2. She jumps to conclusions. An example:
It’s a rare gift and he gave it to her. Our fight must have opened his eyes. The crash must have revealed his true feelings. And his feelings aren’t for me.
*Stares at you. Raises eyebrow. REALLY?*
3. She’s got a catatonic level of self-conscious emotions going on. If she’s not jumping to conclusions, she’s telling people that they think she’s weak. Can we be done with heroines that hate themselves? I get being a little self conscious, but this a Titanic is sinking type of self loathing. Okay, maybe it wasn’t Karina Halle type of heroine self hatred, but it was still pretty epic in proportion. Turn it way way down, McGarry. Example:
“I am not weak.”
His eyes widen. “I never said you were.”
I pull a hand through my hair and tug at the strands, hoping that I’m wrong. But I’m not. “You’re just like my brothers. You see me as fragile and stupid and as someone who can’t make her own decisions.”

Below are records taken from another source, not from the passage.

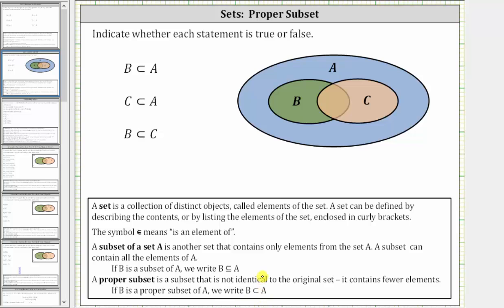Looking at the given statements, we first have: B is a proper subset of A. Looking at the diagram, notice how all the elements of B are in set A, and the two sets are not identical, or we can say B has fewer elements. Therefore, B is a proper subset of A is true.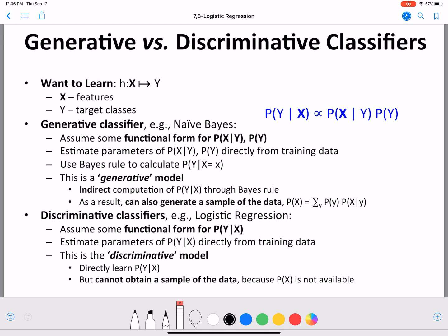Before we start the discussion on logistic regression, we are still in the supervised learning part of the course. Here we want to learn a hypothesis H which maps input X to our target variable Y. This is also called the target class or prediction class — all these terms are used to refer to Y.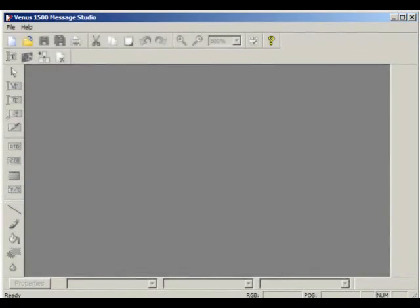The Message Studio is the application that allows you to design your own messages, import graphics and video clips, and create basic animations. Bear in mind that different display types will enable different options with the Message Studio.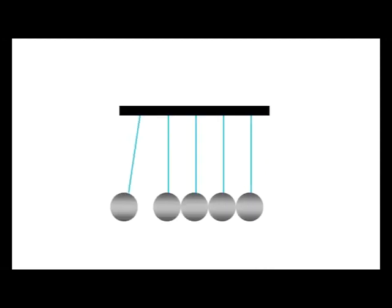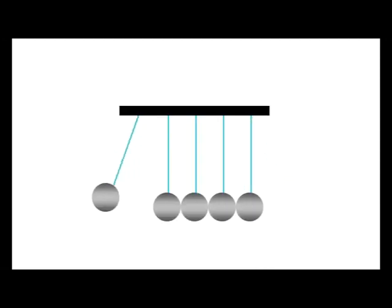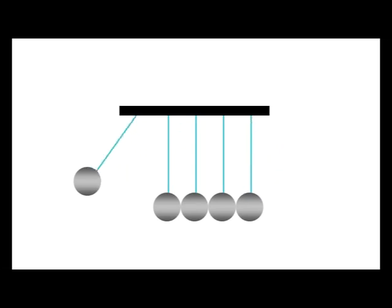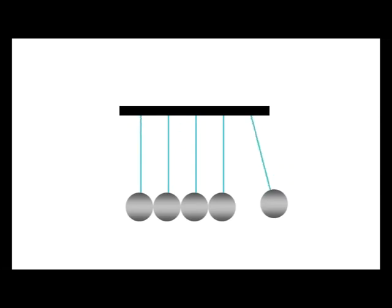Newton's Cradle is a better example of how sound waves travel. It shows how energy is transferred through a substance without that substance having to change its position.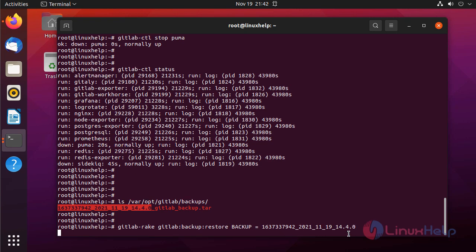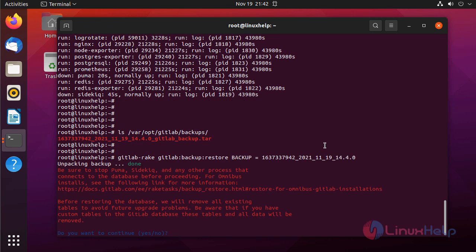This will restore GitLab to the backup state. It will take some time. Type yes to continue restoring.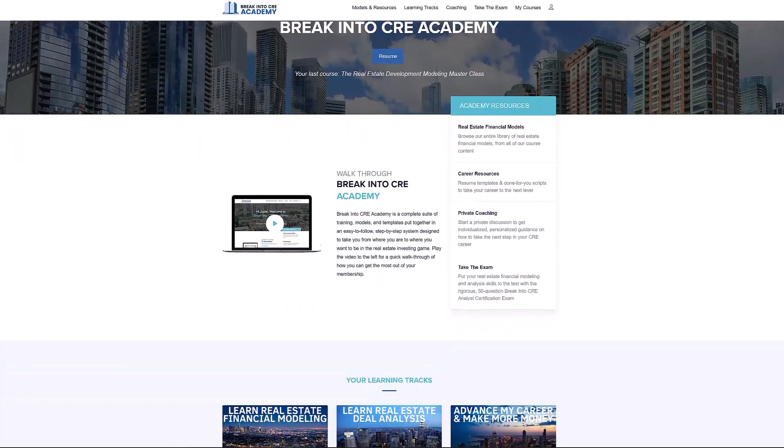If you want more help with tightening up your resume or you want to build the technical skills you'll need to have on that resume in order to land interviews and ultimately land jobs at top real estate, investment, development, or brokerage firms, make sure to check out our all-in-one membership training platform, Break into CRE Academy.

*I am so done with this shit*
4. She irrationally trusts someone she barely knows without much reason. Say I’m seventeen years old and I’m drag racing. I’m yearning for the rush and danger. I’m expected to be responsible all the time at home. So I decide to have one night of danger. I don’t know much about what I’m doing. Right? I meet this hot guy with tattoos. I ask him to help me and he does. He helps me hide from the police and I help him hide from the police for illegal racing. Because he helped me and I think that because he didn’t hurt me that I can trust him. I still have the hots for him and trust him. We start to talk about cars. We start to date. What do you think? Am I smart? Have I made a mistake in trusting him even though I’ve barely known him for 3 hours? What if he wasn’t a nice guy?
What if instead of this sweet and sexy guy:
He’s this guy:
His name is Jeffrey Dahmer. He’s a serial killer. And I just fell in love with him.
2 Stars: I enjoyed this book. I love McGarry, but this book was too cheesy for my taste. Maybe the next one will be better.